1. Contains a high amount of carbon
Bennu is located 321 million kilometers from the Earth’s surface and is classified as a type B asteroid, “which means that it contains a large amount of carbon along with its various minerals”, explains NASA. Therefore, its high carbon content makes it very dark, creating a surface that only reflects 4% of the light.
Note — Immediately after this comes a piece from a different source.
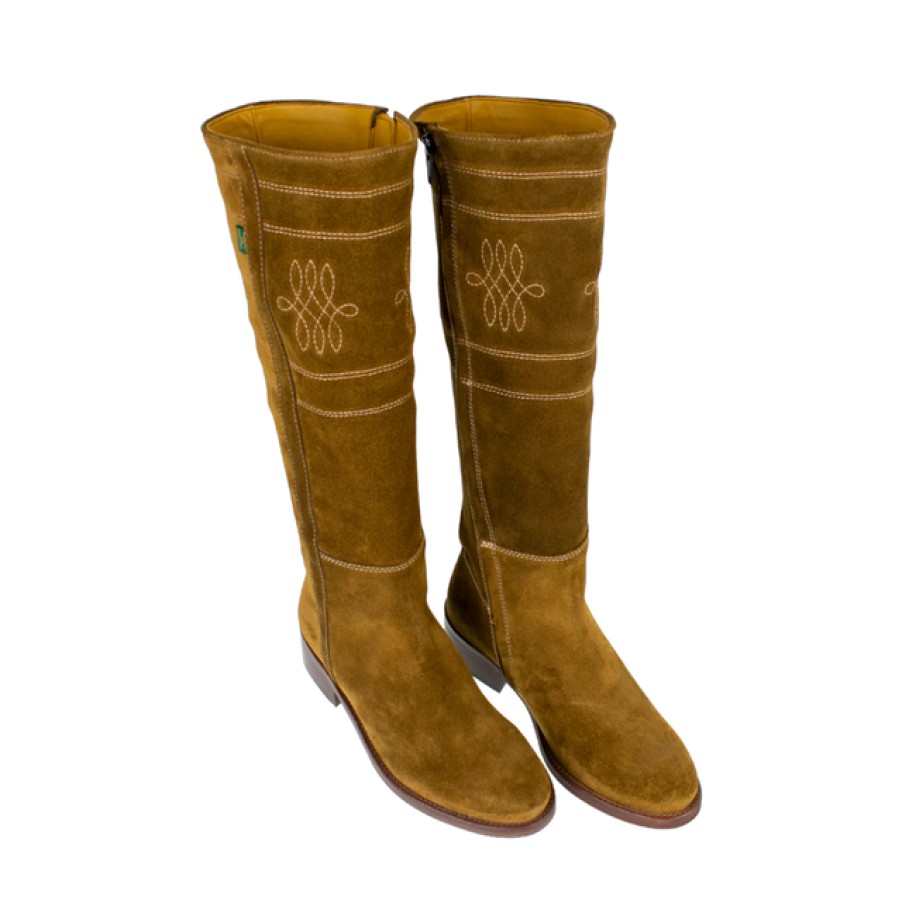 Fashion SPANISH Boots | Dakota Boots Embroidered Suede Knee Boots +Colours | Spanishoponline.Com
To get an idea, Venus is considered the brightest planet in the solar system and reflects about 65% of incoming sunlight. The Earth, for its part, reflects approximately 30%. In this case, “Bennu is a carbonaceous asteroid that has not undergone a drastic change that alters its composition, which means that above and below its deepest surface are chemicals and rocks from the birth of the solar system. “
2. A very old and close asteroid
This asteroid has undergone virtually no change in its composition for approximately 4.5 billion years. This means that it has hardly changed since its origin. “Not only is it close and carbonaceous, but it is also it is so primitive that they calculated that it was formed in the first 10 million years of the solar system’s history “.
3. Bennu is a “pile of rubble”
According to NASA’s classification, Bennu is considered a “pile of rubble”, that is, a celestial body composed of multiple pieces of rocky rubble “that gravity compressed”.
So, the asteroid is full of holes in its interior and 20 to 40% of its volume is empty space. This creates a danger that it will separate “if it begins to rotate much faster or if it interacts too much with a planetary body”, clarifies NASA.
4. Could you explain how life was formed
Being so old, this asteroid could contain molecules present “when life first formed on Earth”. That is why this mission is so important. All life forms on our planet are based on “chains of carbon atoms linked with oxygen, hydrogen, nitrogen and other elements.” However, the material they hope to get from Bennu does not “necessarily come from biology.”
5. Water is the most important resource
Bennu could contain large amounts of gold and platinum, compared to the surface of the Earth, and moreover, water is probably its most important resource. Due to the high cost of transporting material into space, if astronauts can extract water from an asteroid for life support and fuel, the cosmic afterlife is closer than ever to being accessible to humans “.
6. The Sun can cause its orbit to change
A day on this satellite lasts about four hours, so the area of the surface that faces the Sun changes constantly. “As Bennu continues to spin, it expels this heat, which gives the asteroid a little push toward the Sun” each year. Consequently, its orbit may change.
7. It is potentially dangerous
Bennu is classified as a potentially dangerous asteroid by NASA because it is a short distance from Earth. “Between the years 2175 and 2199, the probability that Bennu will hit Earth is only 1 in 2,700.” Although it is a small possibility, scientists want to continue following its trajectory.
8. Its surface is made up of very large rocks
This Tuesday’s feat has become a NASA milestone due to how extremely dangerous it is to take samples from Bennu, as its surface is composed of massive rocks. During the first observations made from Earth, the researchers suggested that it was composed of a ready surface of particles less than an inch in size. Shortly after, showed that it was covered by massive rocks, not small.
9. Throws particles into red space
One of the most peculiar characteristics of Bennu is that jets of particles twice a week, as verified by the navigation camera of the NASA spacecraft. This is extremely rare.
Researchers recently discovered that “sunlight can break up rocks in Bennu and that it has pieces of another asteroid scattered across its surface.”
10. It is named after an Egyptian deity
Why Bennu? It was named for a nine-year-old boy from North Carolina in 2013 after winning a contest by suggesting “that the arm and solar panels of the spacecraft’s display mechanism resemble the neck and wings in the illustrations of Bennu “.
It was about an ancient deity of Egyptian origin linked to the Sun, creation and rebirth that the ancient Egyptians represented as a gray heron.